Real Estate News

Wells Fargo Starts Foreclosure Fight Against Loews Lake Las Vegas

(LAS VEGAS, NV) -- As hotel foreclosure fights go, this one is a bit peculiar.

On the one hand, New York City-based Loews Hotels acknowledges it cannot pay off a $117 million loan to San Francisco-based Wells Fargo Bank.
At the same time, Loews is pressing to keep its 493-room, 10-year-old Loews Lake Las Vegas resort open and operating, but says the property's owner of record, LLV Hotel LLC, has no money to keep the resort going.

On the other side, the bank has told a Clark County District Court judge it already has provided Loews with $581,000 in operating funds, on top of the $117 million loan,  through its CWC Capital Asset Management loan servicing company.

Loews argues in a court filing the $117 million debt is moot since it is willing to transfer its interest in the property to Wells Fargo, but wants to continue operating the hotel through its L.H. Investments LLC of New York City.

However, Wells Fargo wants the court to appoint a receiver to manage and maintain the property.

Loews concedes it holds only a minority ownership interest (25 percent) in the property.  A so-far undisclosed private investor has the majority interest (75 percent).

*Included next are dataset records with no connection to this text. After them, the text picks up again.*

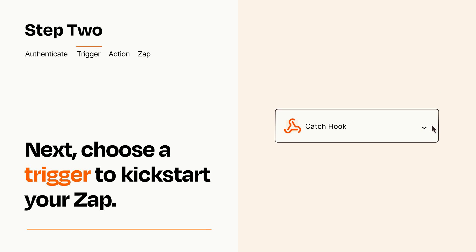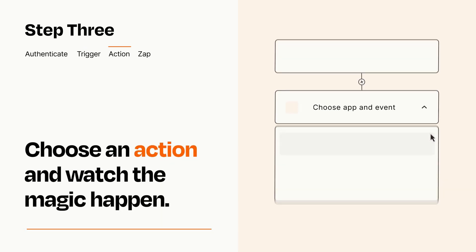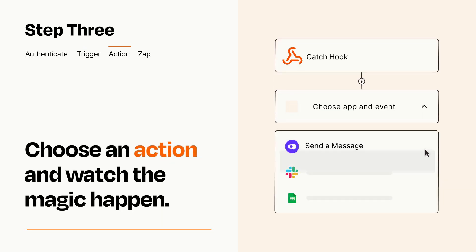This last part is where the magic happens. Choose the action you want to happen in your target app.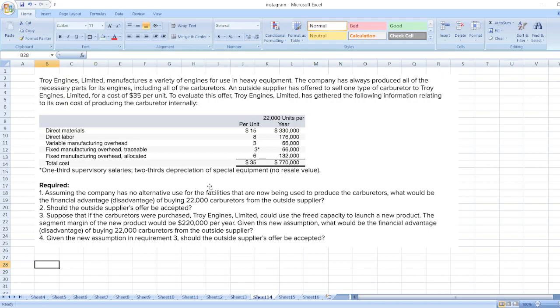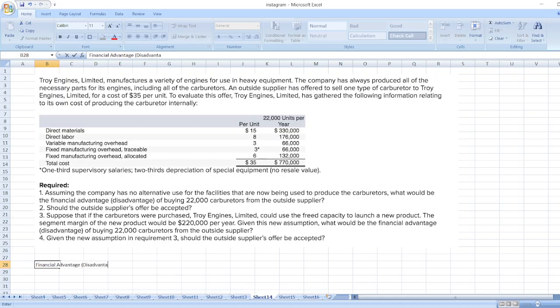If the freed capacity can produce contribution margin of $220,000 per year, then the revised financial advantage or disadvantage would be $220,000 minus $176,000. I have calculated $176,000 in my previous video for question number one. You can find how to calculate $176,000 in that video. It is equal to $44,000.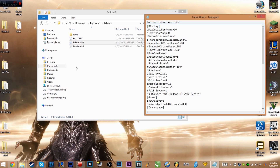I'm here again with a Fallout 3 monitor resolution fix. This time I'll also be doing Fallout New Vegas and Skyrim, because those all use the same fix. That's what the title covers, but I'm going to start off with Fallout 3.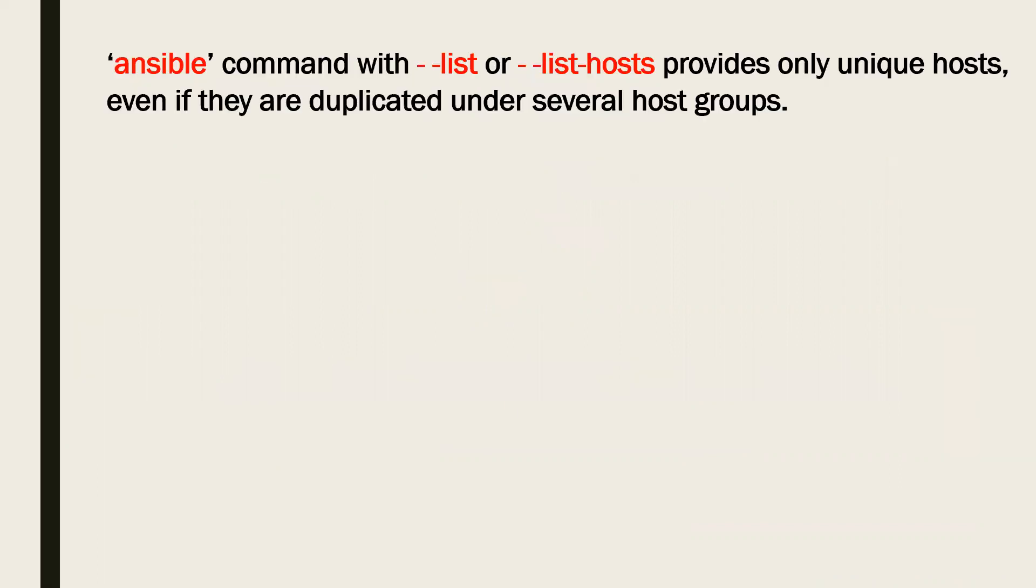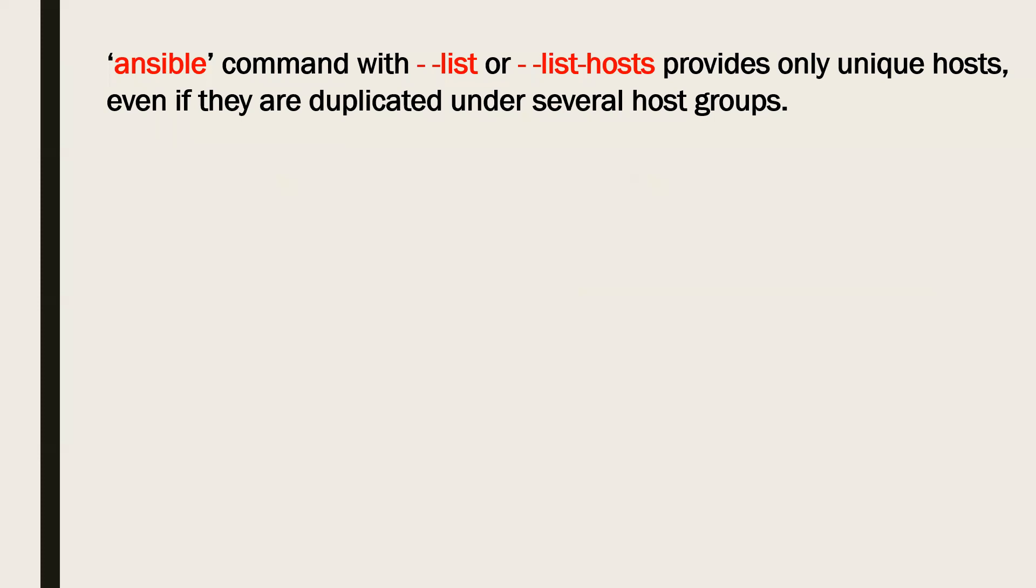Now if your inventory is pretty big, then obviously a single host may or may not appear uniquely. It can be a part of an independent host, a group, or a group within a group. So sometimes you don't want your tasks to be performed repeatedly over the host or any other scenario.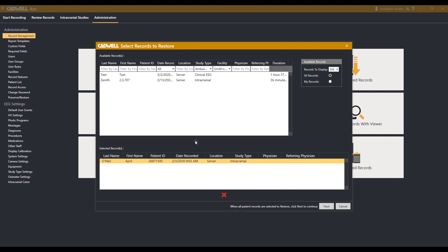If you would like to add multiple records to be restored, you can multi-select records by holding the Ctrl or Shift key and selecting the records you would like restored.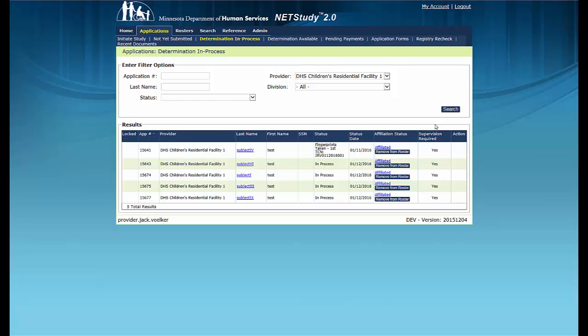Except for study subjects whose background studies have been submitted for a personal care provider organization. For PCPO studies, the supervision status will be Cannot Enroll until a background study determination of eligible is made, if applicable. For study subjects who do not receive a determination within three business days after being fingerprinted and more time is needed to complete the background study, the supervision status may remain Yes if supervision is required, change to No if supervision is not required, or change to Remove if the study subject is ordered removed while the background study is being completed.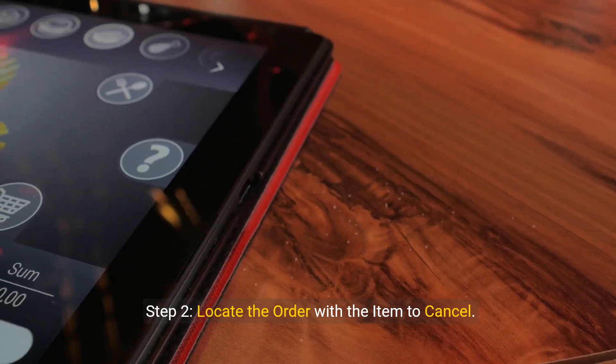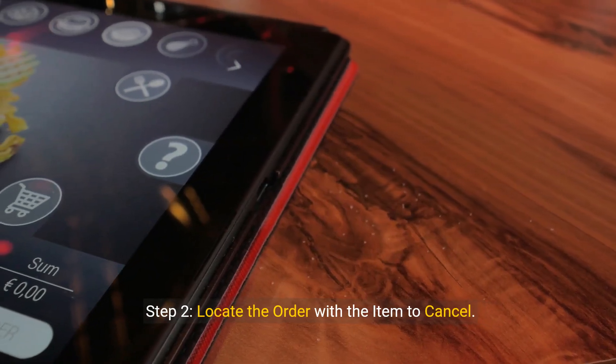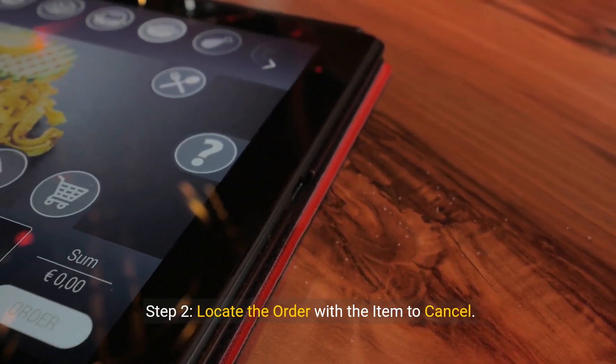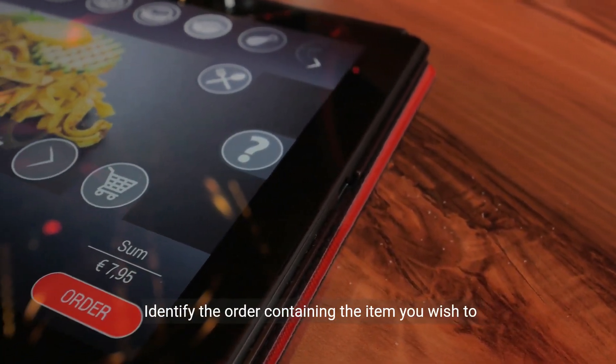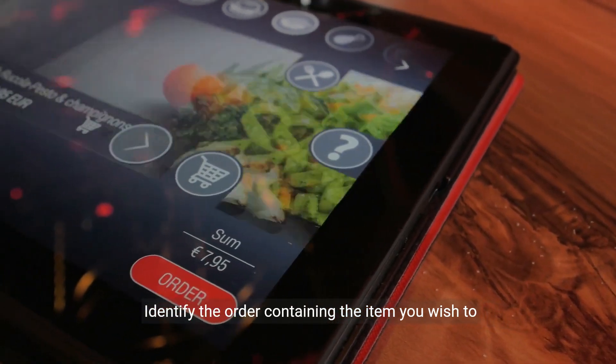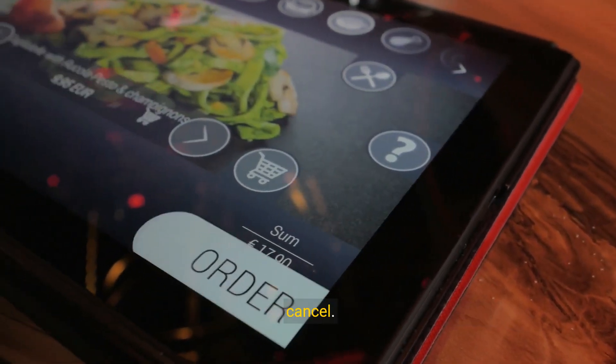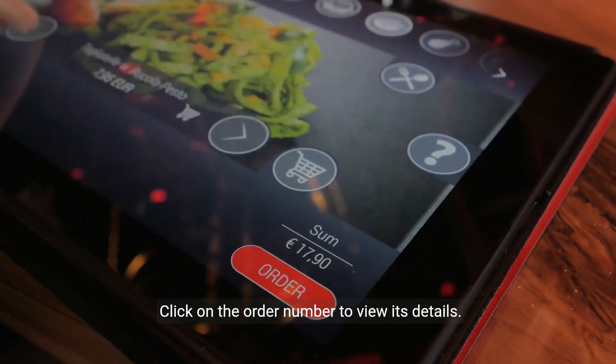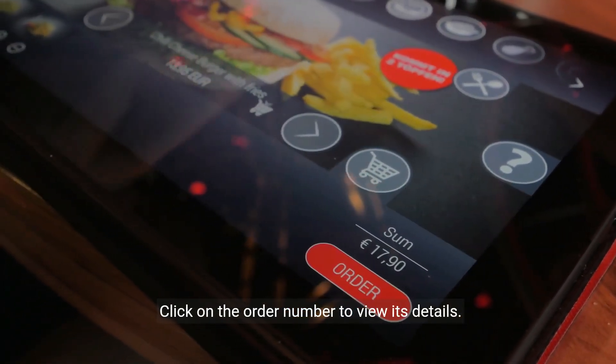Step two: locate the order with the item to cancel. Identify the order containing the item you wish to cancel. Click on the order number to view its details.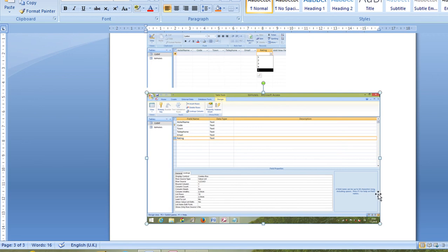That's it for the database activity for this exam. In total across all activities you could have gotten 22 marks. I hope this was useful — if there's anything you're struggling with, leave a comment and I'll try to make a tutorial for whatever you need.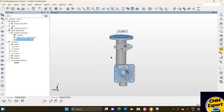Likewise, you can do the alignment in the Polywork software. Thanks for watching — please hit the subscribe button if you like the video.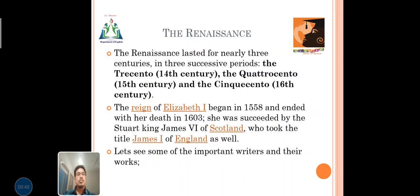The first topic consists of the Renaissance. The Renaissance lasted for nearly three centuries in three successive periods. The first successive period was Trecento — it starts in the 14th century; next, the Quattrocento in the 15th century; and the third, the Cinquecento in the 16th century.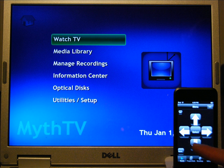Hello, this is Patrick Archibald and this is a demonstration of using your iPod Touch to control your Myth front end. There's an application called MyMote. You install it on your iPod Touch, do some configuration and you're good to go.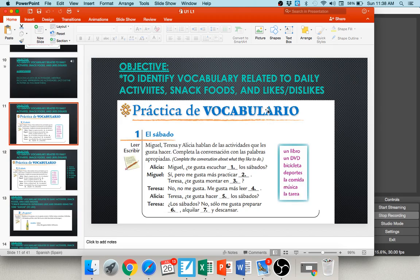Number two: Miguel responds, sí — yes — pero me gusta más practicar blank. I like to listen to music, but I'd rather practice sports — practicar deportes. I want you to pause your audio and give numbers three through seven a try.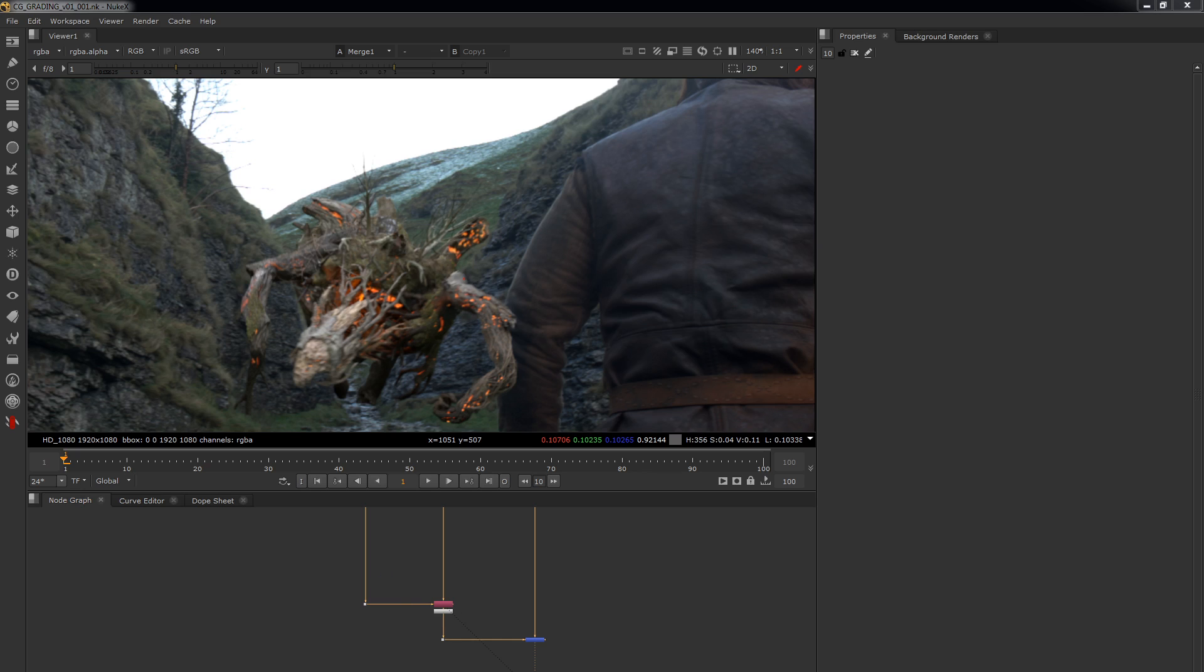Now we have our setup done, what we're going to be doing is we're going to be diving into that grading. But first what we want to do is we want to exaggerate the colors and exaggerate the brightness and exaggerate the dark areas in order to help us match this stuff.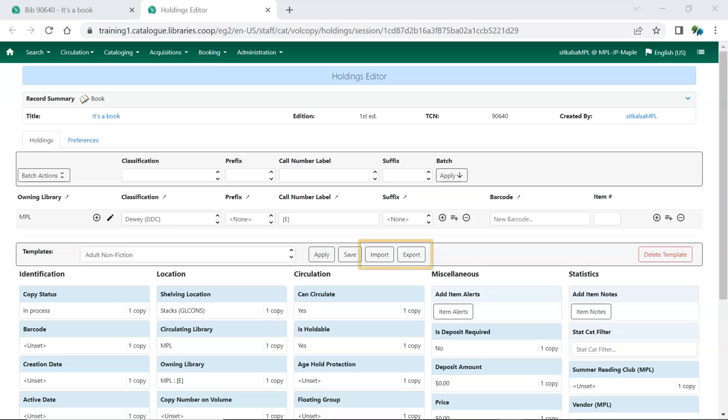While there are import-export buttons for Holdings templates in the Holdings Editor, a bug currently prevents templates from being imported properly through this interface.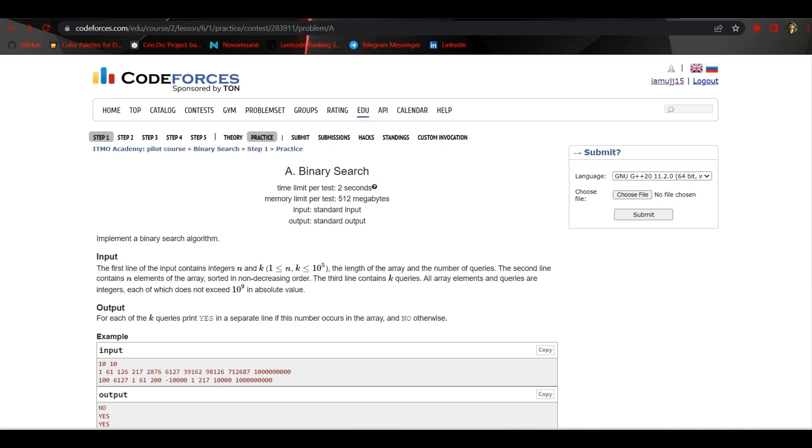Hey everyone, welcome to the video. Today I'm starting a new playlist of CodeForces edu section binary search topic. A bit of backstory: when I was doing binary search, I didn't find any video particularly of CodeForces edu section binary search topic on YouTube.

The partners bought the property from Transcontinental Corp. in 2006 when it was called the Hyatt Regency Lake Las Vegas Resort.

Wachovia initially loaned the funds to Loews to make the hotel acquisition.  Wachovia has since been acquired by Wells Fargo.

The property includes 110,000 square feet of meeting space, waterfront views of Lake Las Vegas, a spa, gym, four food and beverage outlets and two pools.

The Las Vegas Sun reports Standard & Poors first spotted the cash flow problems at the resort last year.  Increased cancellations and fewer group bookings soon surfaced. 

When Loews and its partner purchased the resort in 2006, average daily room occupancy stood at 68.8 percent.  Average daily revenue per available room was $133.14 in the previous 12 months, according to S&P.

But between October 2007 and October 2008, occupancy had slipped to 55.5 percent and revenue per available room fell to $103.77, the credit rating agency said.